Vecsey ha risposto anticipandoci i contenuti dell'articolo che avrebbe pubblicato poche ore dopo. Nel suo consueto stile pungente, Vecsey ha espresso il suo punto di vista schierandosi dichiaratamente dalla parte del GM dimissionario.

“Suppongo che l'aver sperperato tre quarti di miliardo da quando ha comprato la franchigia gli conferisca il diritto di fare quel che gli pare” – sono le parole con cui Vecsey si riferisce all'owner Paul Allen, mentre così prosegue – “Quando Patterson ha ricevuto la brutta notizia ha fatto l'unica cosa che possa fare una persona con un minimo d'orgoglio, dimettersi all'istante.”

Paul Allen ha deciso di non esercitare l'opzione sull'ultimo anno di contratto di Steve Patterson come Team General Manager and President of Business Operations. Questa era la brutta notizia che ha condotto all'addio consensuale.

Vecsey prosegue la sua invettiva contro il miliardario socio/amico di Bill Gates sottolineando la bontà  del lavoro svolto da Patterson: ha raccolto una squadra nota ovunque come Jail Blazers, un roster pieno di giocatori strapagati e sul viale del tramonto (con le eccezioni di Wallace e Randolph), un monte ingaggi da paura. Nella stagione 2002/03 i Blazers dovettero pagare 45 milioni di dollari di luxury tax!

Quando si dice “ti auguro di vivere in tempi interessanti”…

Patterson ha dovuto portare a termine un lavoro “sporco” e, col senno di poi, poco gratificante. Le complicate vicende che riguardano il Rose Garden, venduto e poi ricomprato da Paul Allen, sono state gestite con i minori danni possibili dallo stesso Patterson.

Al contrario di Whitsitt, che durante la sua gestione ha continuato ad indebitare la franchigia nel tentativo di allestire una squadra competitiva anche se senza futuro, Patterson ha dovuto compiere scelte impopolari: cessioni, contratti lasciati scadere, giocatori persi in cambio di nulla, ringiovanimento del roster.

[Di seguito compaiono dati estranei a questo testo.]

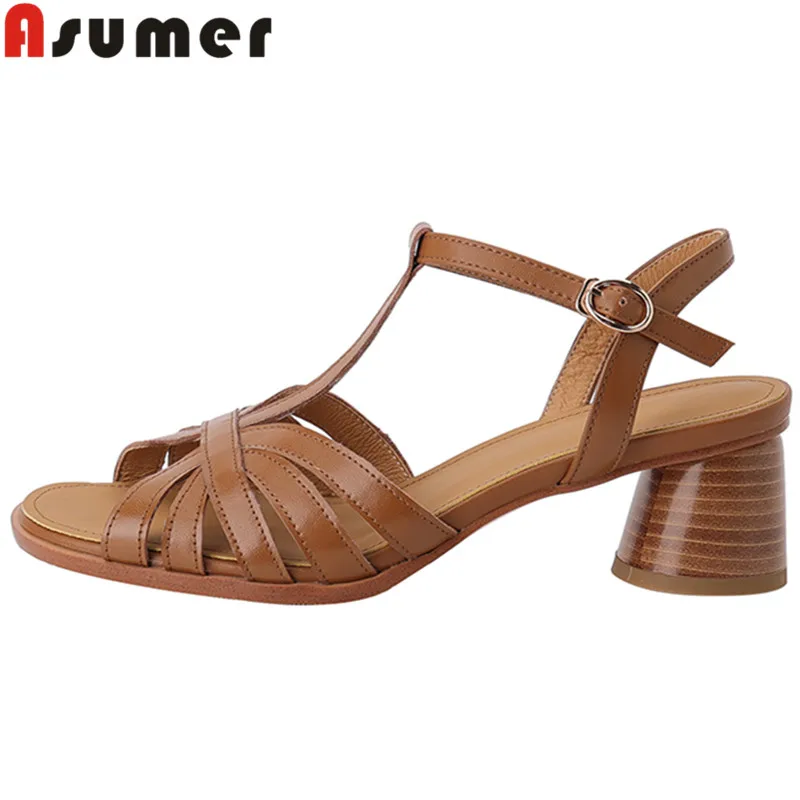 

Женские босоножки ASUMER из натуральной кожи, на среднем каблуке, лето 2022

In una parola, la sua è stata una vera ricostruzione. Amara e non indolore come quasi sempre è la ricostruzione di una squadra.

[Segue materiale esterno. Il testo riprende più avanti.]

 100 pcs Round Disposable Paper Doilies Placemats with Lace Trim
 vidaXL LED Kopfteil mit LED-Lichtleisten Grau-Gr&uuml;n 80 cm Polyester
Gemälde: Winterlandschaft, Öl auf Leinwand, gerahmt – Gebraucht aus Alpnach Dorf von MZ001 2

Secondo un sondaggio pubblicato da Oregonlive, solo il 5% dei votanti si è dichiarato triste per l'addio di Patterson, mentre oltre l'80% ha preferito definirsi sorpreso oppure felice. Insomma, non è solo Paul Allen a non aver apprezzato l'operato dell'ex gm dei Blazers. Come mai?

Il rapporto con i tifosi non è mai stato splendido, sempre per via delle scelte impopolari già  accennate. Tuttavia pare che il fondo sia stato toccato quando Patterson decise di rimborsare Darius Miles dei soldi per i quali il giocatore era stato precedentemente multato. Proprio non gliel'hanno perdonata!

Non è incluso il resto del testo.